The measure will not be eligible for another vote until 2020.
In its efforts to alleviate rising home prices and inventory, California lawmakers passed several bills recently, chipping away at single-family zoning, making it easier for homeowners to convert garages into residential spaces and build freestanding homes.
A report by the Los Angeles Times says that California Gov. Gavin Newsom signed multiple bills into law this week that allowing property owners to build a backyard home of at least 800-square-feet. The bill would also allow homeowners to convert a garage, office, or spare room into living quarters.
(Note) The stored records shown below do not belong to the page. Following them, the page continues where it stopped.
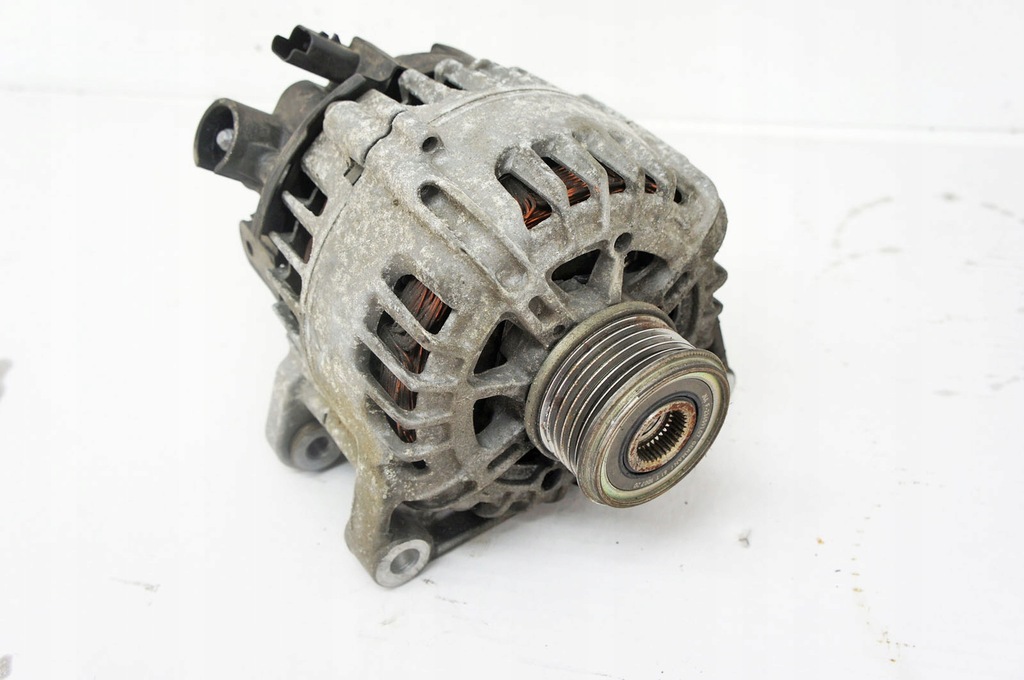 RM092 Opel Corsa F 1.2i Alternator 9826574080 Product image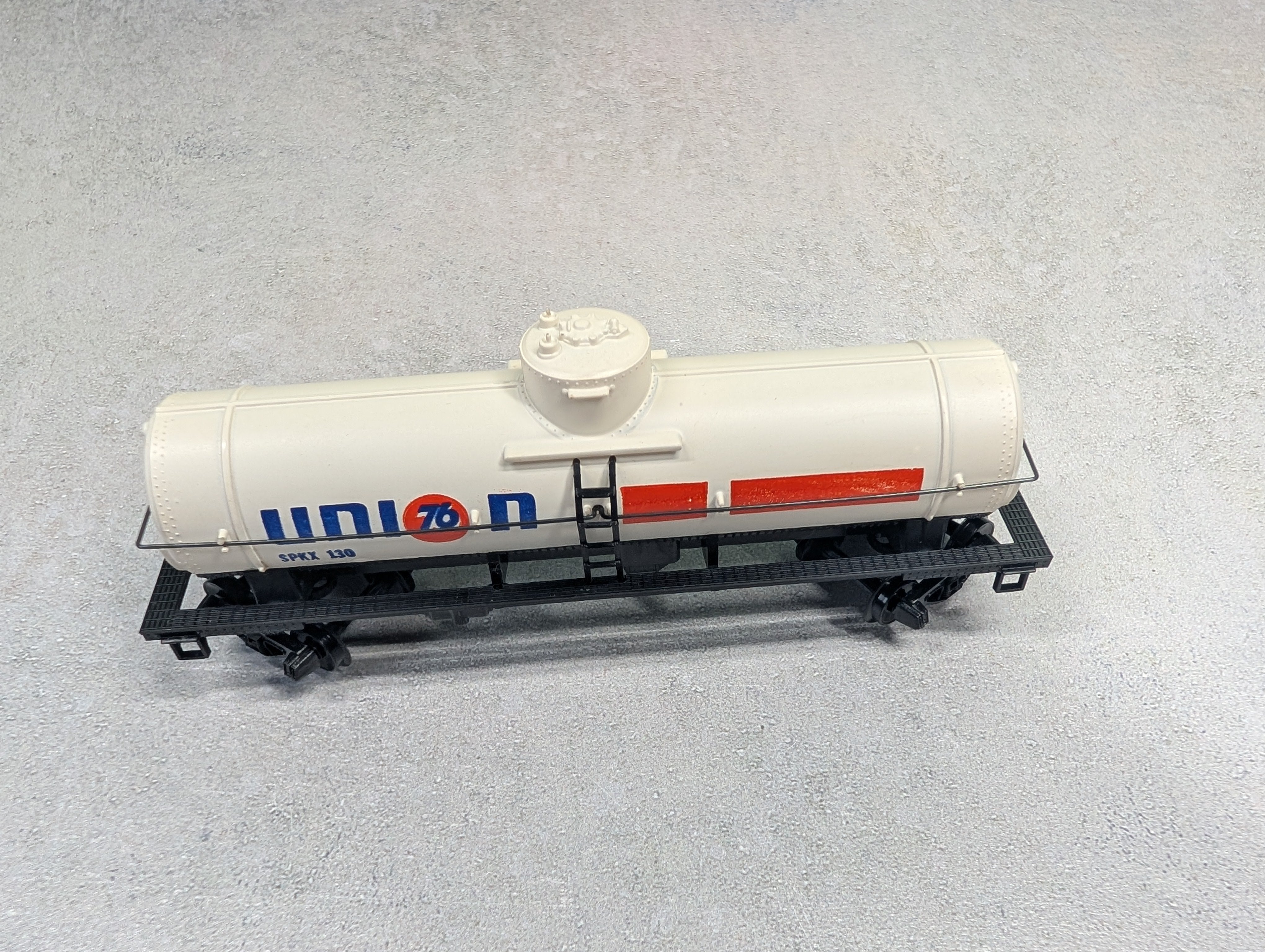 USED Tyco HO Scale Single Dome Tank Car Union 76 SPKX #130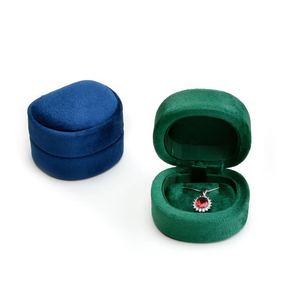 Boîte à collier en velours uni avec fermeture à pression en forme de D Taimy, personnalisable avec logo, pour emballage cadeau et rangement de bijoux pour les magasins de détail - Product Image 2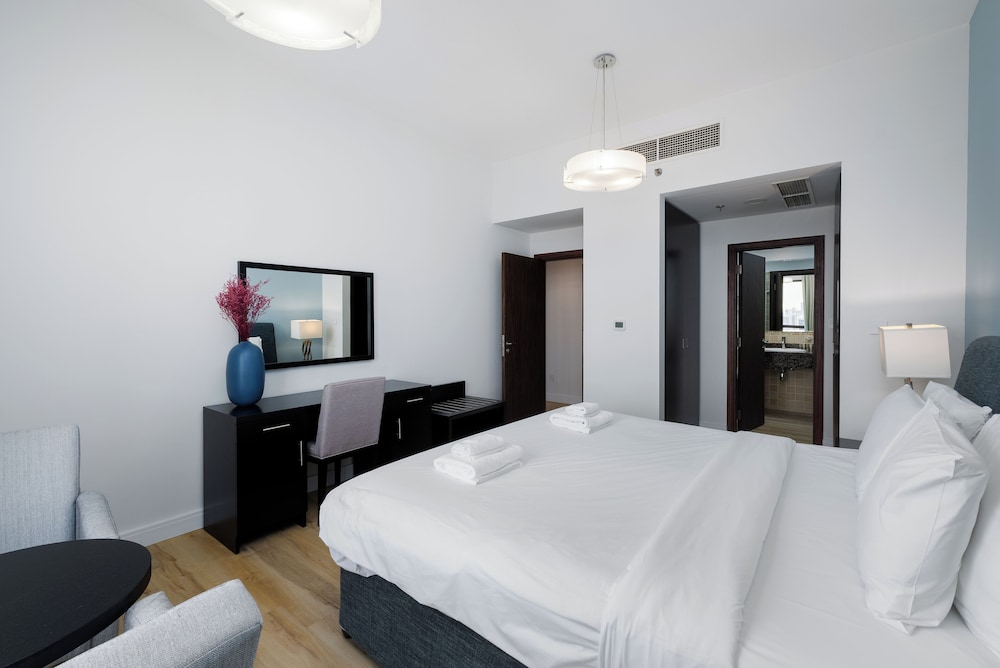Shams 1, Jumeirah Beach Residence - Mint Stay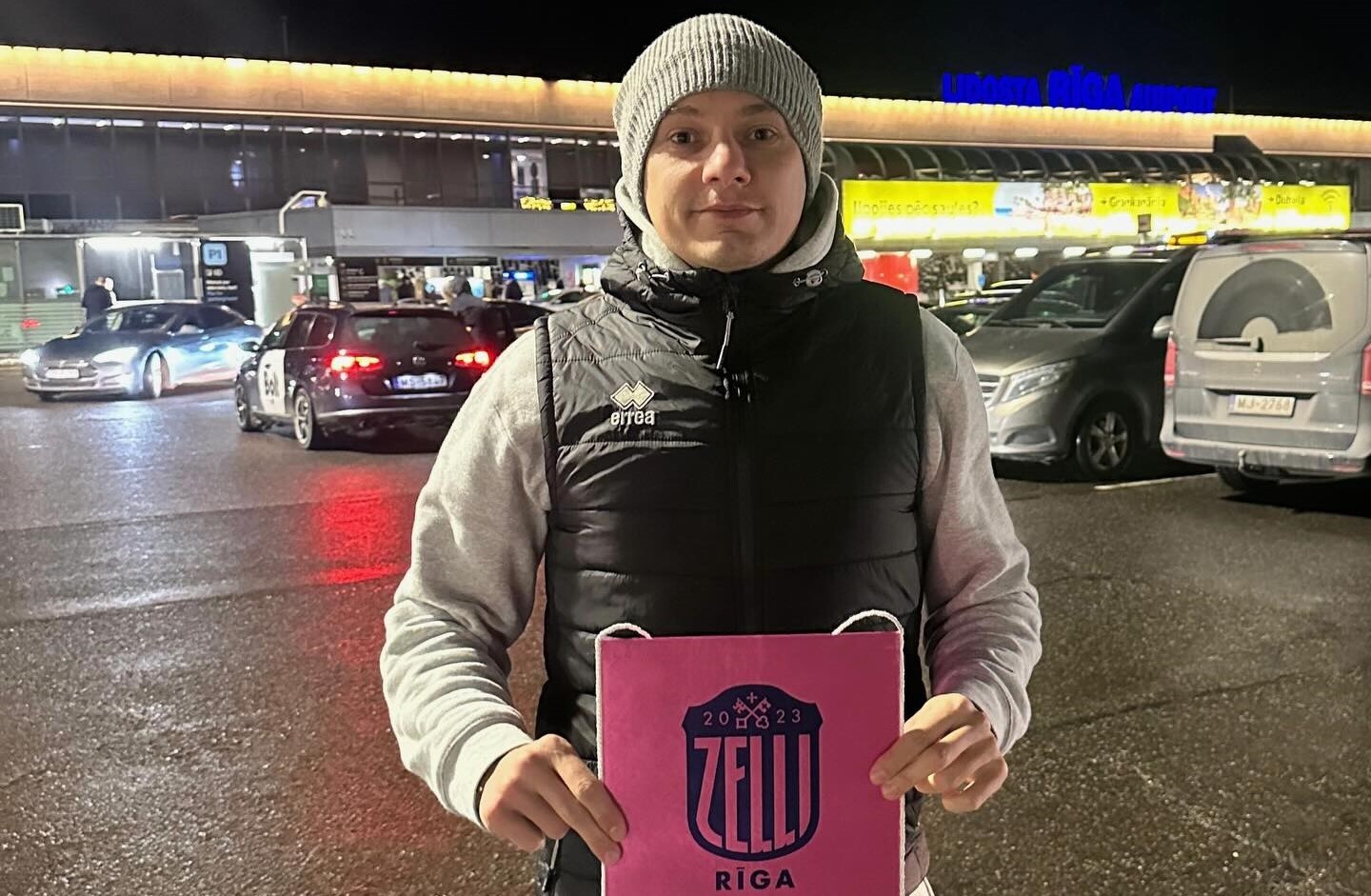 Українці за кордоном: Лукашов дебютував на новий клуб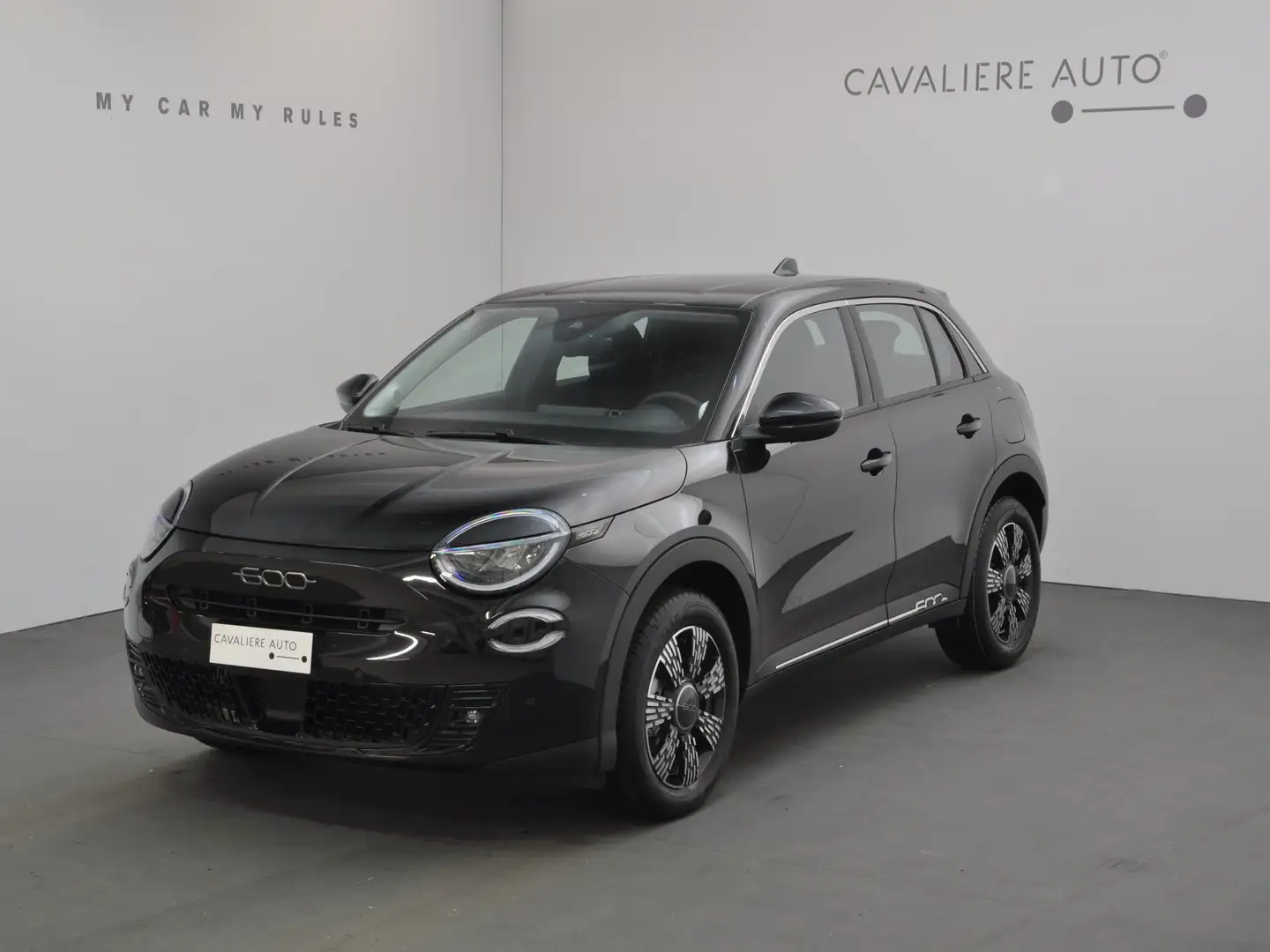 Fiat 600 600 1.2 hybrid 110cv auto -PACK STYLE + COMFORT PF Zwart - 1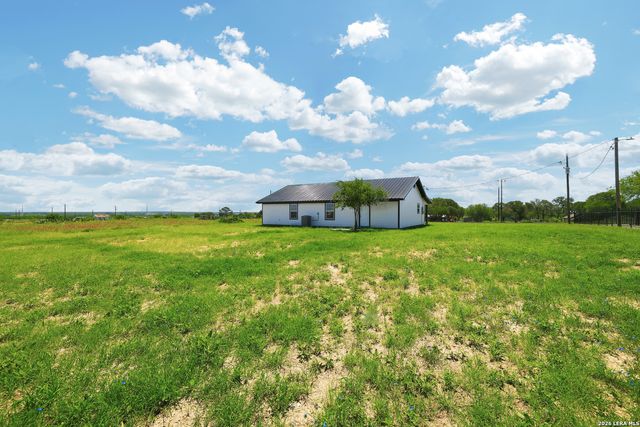 2484 County Road 120, Floresville, TX 78114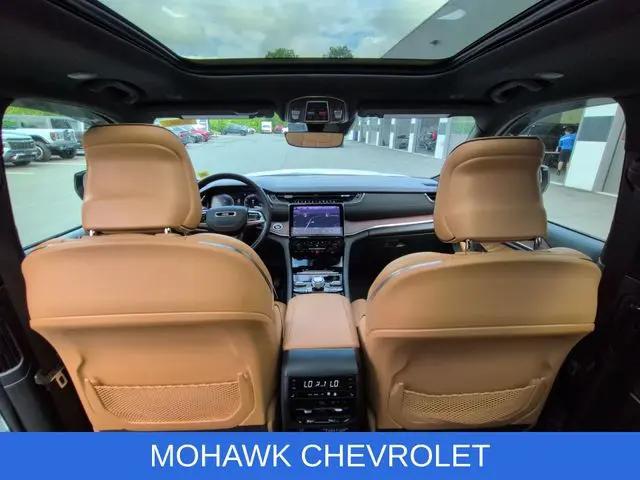 2025 Jeep Grand Cherokee Summit 4x4
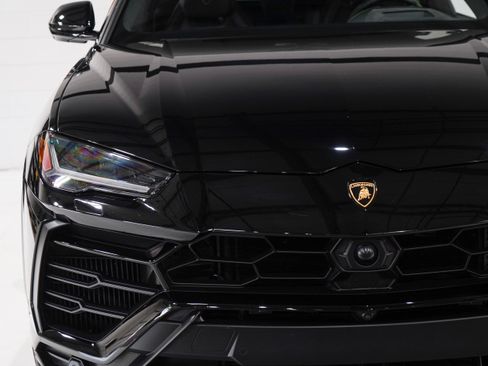 Used 2022 Lamborghini Urus AWD/4WD image 30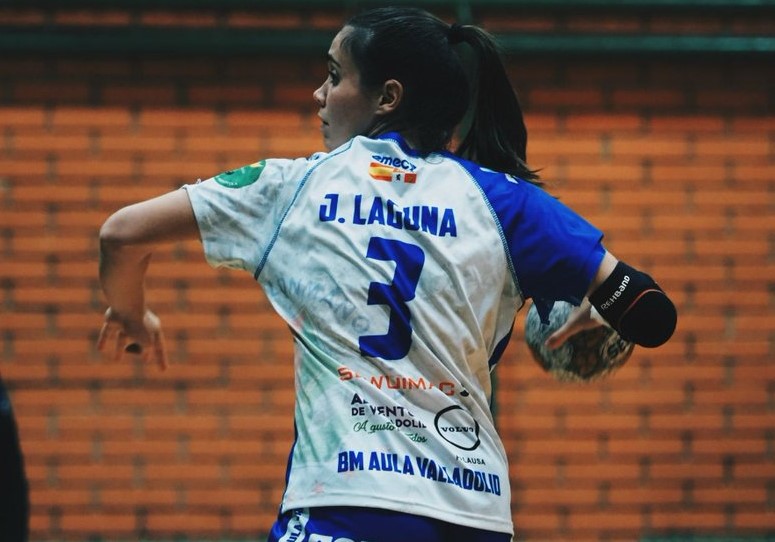 El CBM Elche Atticgo se refuerza con la lateral Jimena Laguna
The new legislation would allow for three homes on land previously zoned for single-family.
“We’re on the precipice of single-family zoning functionally not existing,” said Ben Metcalf, former Director of the state’s Department of Housing and Community Development.
U.S. Census Data found that nearly two-thirds of California residences are single-family homes, according to the Los Angeles Times. University of California-Berkeley's Terner Center for Housing Innovation revealed that between half and three-quarters of the developable land in most of the state is zoned for single-family housing.
Silicon Valley is doing its part in recent weeks, as companies like Google, Facebook, Microsoft, and Apple have announced plans to fund affordable housing initiatives.
Apple released the most recent plan, pledging to invest $2.5 billion to address California’s affordability crisis.
“Before the world knew the name Silicon Valley, and long before we carried technology in our pockets, Apple called this region home, and we feel a profound civic responsibility to ensure it remains a vibrant place where people can live, have a family and contribute to the community,” said Tim Cook, Apple’s CEO. “Affordable housing means stability and dignity, opportunity and pride. When these things fall out of reach for too many, we know the course we are on is unsustainable, and Apple is committed to being part of the solution.”